Come in Spinner: How do you react to “community” outrage?

The bus shelter advertising company, Adshel, has bowed to a ‘community’ campaign about gay safe sex ads and then backed down after some genuine community outrage about the second decision.

All in all it’s a case of the worst of all possible worlds – being gutless and dumb and then belatedly principled with worldwide publicity focussing on the former.

How did they get into the situation? Partly because some of the standard operating procedures used by PR people over the years are believed to need tempering given changing circumstances.

It has been axiomatic that the first principle of issues management is always masterly inaction. Think before you act, seriously consider doing nothing because it might aggravate the situation, and remember that it is probably not as big an issue as you think it is.

Adshel failed the first issues management test because it panicked after some 30 calls (all subsequently shown to be part of an orchestrated campaign) and rushed into taking action. Given that the Daily Telegraph can view two comments as a major community backlash they would no doubt see 30 protests as the beginning of a new version of the French revolution. But for most of us, without an agenda, 30 calls (unless it is a product safety issue) is potentially a problem which needs to be monitored, but not one that calls for instant action. Some masterly inaction would have given Adshel some time to assess the risk and decide it was probably riskier to pull the ads.

By the way, corporate reactions to protests about gay ads are not automatically homophobic in motivation, even if so in effect. Many years ago I had a client who sponsored a G&L festival. Given the client’s target markets it was a very sensible sponsorship. However, one of the client’s international executives pointed out the relative size of the Australian market for its products compared to that in the US southern Bible belt. Sadly the sponsorship was not renewed, but the reasons were strictly commercial.

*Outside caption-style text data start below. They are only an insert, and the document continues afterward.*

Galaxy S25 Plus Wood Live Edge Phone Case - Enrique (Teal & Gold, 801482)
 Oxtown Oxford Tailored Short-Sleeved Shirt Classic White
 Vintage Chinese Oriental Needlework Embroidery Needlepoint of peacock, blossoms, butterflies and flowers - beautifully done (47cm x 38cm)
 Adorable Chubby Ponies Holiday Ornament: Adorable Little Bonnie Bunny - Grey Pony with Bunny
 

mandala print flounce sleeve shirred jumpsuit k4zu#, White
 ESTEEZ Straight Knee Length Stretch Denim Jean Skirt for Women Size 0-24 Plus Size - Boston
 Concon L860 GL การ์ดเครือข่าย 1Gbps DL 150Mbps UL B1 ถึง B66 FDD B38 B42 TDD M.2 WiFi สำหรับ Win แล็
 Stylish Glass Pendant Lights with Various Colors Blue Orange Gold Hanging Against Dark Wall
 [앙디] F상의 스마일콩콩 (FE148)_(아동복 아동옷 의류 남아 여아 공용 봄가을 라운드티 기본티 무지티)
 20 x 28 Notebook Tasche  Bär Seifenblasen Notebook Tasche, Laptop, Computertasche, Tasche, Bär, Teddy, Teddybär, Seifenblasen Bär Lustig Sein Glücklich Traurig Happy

The culture war which erupted, at about the same time, over the Disney company’s decision to offer same sex couples equality in corporate benefits also indicated how commercially difficult such decisions were considered to be at the time.

The rationale for pulling the sponsorship illustrated a second issues management principle which has been called in to question. Traditionally masterly inaction worked because it helped control the message. If there was a small article in a newspaper in a remote town in a Canadian province reacting to it probably gave it more, rather than less, oxygen. Today that might not be the case although, rather than being the wrong strategy, it is a now much more complicated.

Controlling the message was a seductive illusion much discussed in the industry more than a decade or so ago. It has persisted in political PR even though the Drudge Report, Wikipedia, bloggers and others have shown how difficult it is to achieve.

However, now the opposite has become the conventional wisdom – what do you do in a communications environment where you can’t control the message? You can be disciplined about your own messages but you can’t control the environment in which they are communicated, nor all the other messages competing with yours and, least of all, how all of them are perceived in a society in which perception is reality.

The PR industry initially reacted to this new reality by developing increasingly sophisticated tools to monitor, and respond to, claims in cyberspace. This generates fees for PR consultancies and work for in-house corporate affairs people but (see an earlier Come in Spinner) tends to magnify the problem – just as the response to the Canadian small town provincial newspaper once did.

Today there are very few PR practitioners who imagine anyone can control the message, although those of us who suffer from mild OCD, often get sucked into hoping we can. Adshel thought they were responding to a community campaign, got it wrong, and then discovered they couldn’t control the message about setting it right.

On balance masterly inaction is still an effective tactic. I often used to start issues management classes by asking the assembled corporate affairs practitioners to nominate what was the lead item on the 7 News the night before and the page three lead in The Age. Unless either was about their own companies it was rare for anyone to be able to get the right answer.

The vast majority of the public are not outraged, not engaged, and not as viscerally affected by news about our organisations, clients, Ministers, Shadow Ministers as we are. It is, thus, always a joke when someone reports a poll and then comments that something which seemed terribly important to them, and which happened a few days before, didn’t seem to influence the results. Killing Osama Bin Laden is an exception, obviously, but in most cases the public leads and lags are much longer than those of the media.

However, masterly inaction is not about doing nothing – it is about spending some time thinking before deciding whether action is warranted.

So Adshel got most of it wrong. They failed to practise some masterly inaction. They panicked and rushed into a dumb, poorly thought out, decision which they then had to reverse. The message went out of control around the world.

Most importantly they just didn’t understand the basic realities of a modern, diverse society. There are homophobes out there still. A minority is still shocked by ads about safe sex let alone sex of any description.

But a friend emailed a copy of his and his male partner’s marriage certificate a little while ago. Interestingly it was a US marriage certificate.

I suspect the majority of the Australian population would probably want to do what we did – send congratulations.